§ Supplied information:
....................
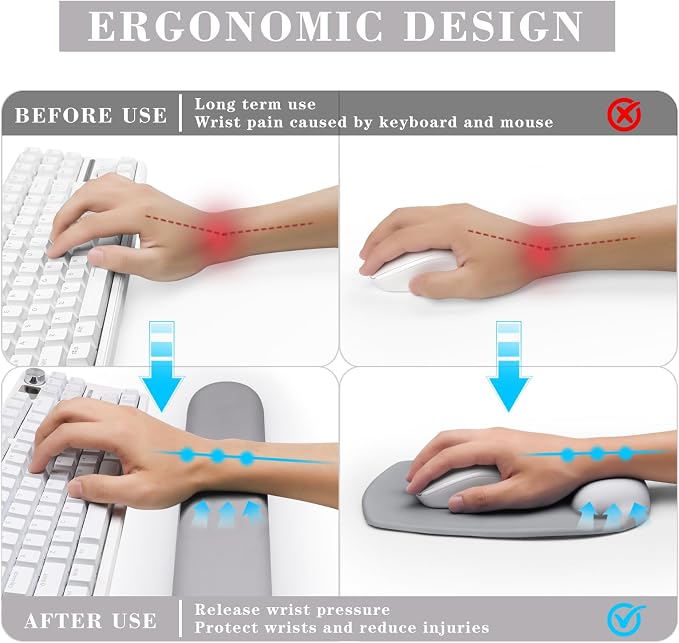 Wrist Rest for Keyboard and Mouse, Ergonomic Gel Computer Keyboard Wrist Rest with Memory Foam, Keyboard Wrist Support Pad for Long Hours of Work, Gaming, Studying-Relieve Wrist Pain (GD-Light Grey) - Image 2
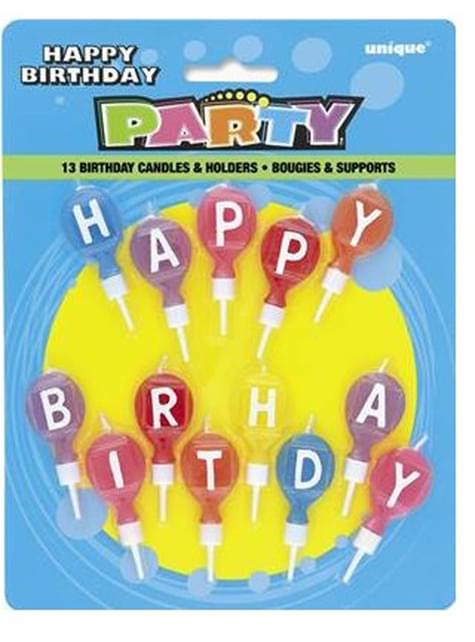 13 velas de “Happy Birthday“ multicolor - Unique | Funidelia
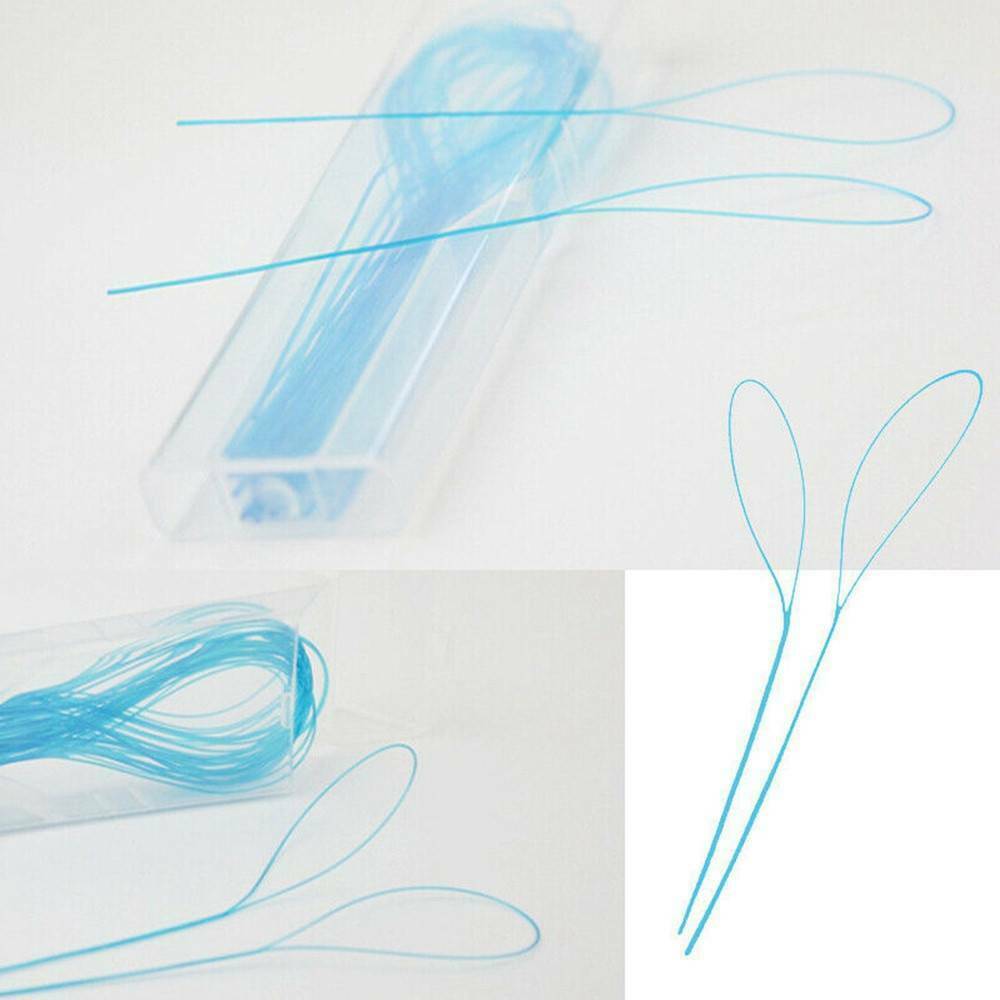 105pcs Dental Floss Threader Nylon Loop Floss Threaders Color Random 0.3mm New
....................
§ What you are asked to do:
Print the material word for word without images.

§ Expected answer:
 Wrist Rest for Keyboard and Mouse, Ergonomic Gel Computer Keyboard Wrist Rest with Memory Foam, Keyboard Wrist Support Pad for Long Hours of Work, Gaming, Studying-Relieve Wrist Pain (GD-Light Grey) - Image 2
 13 velas de “Happy Birthday“ multicolor - Unique | Funidelia
 105pcs Dental Floss Threader Nylon Loop Floss Threaders Color Random 0.3mm New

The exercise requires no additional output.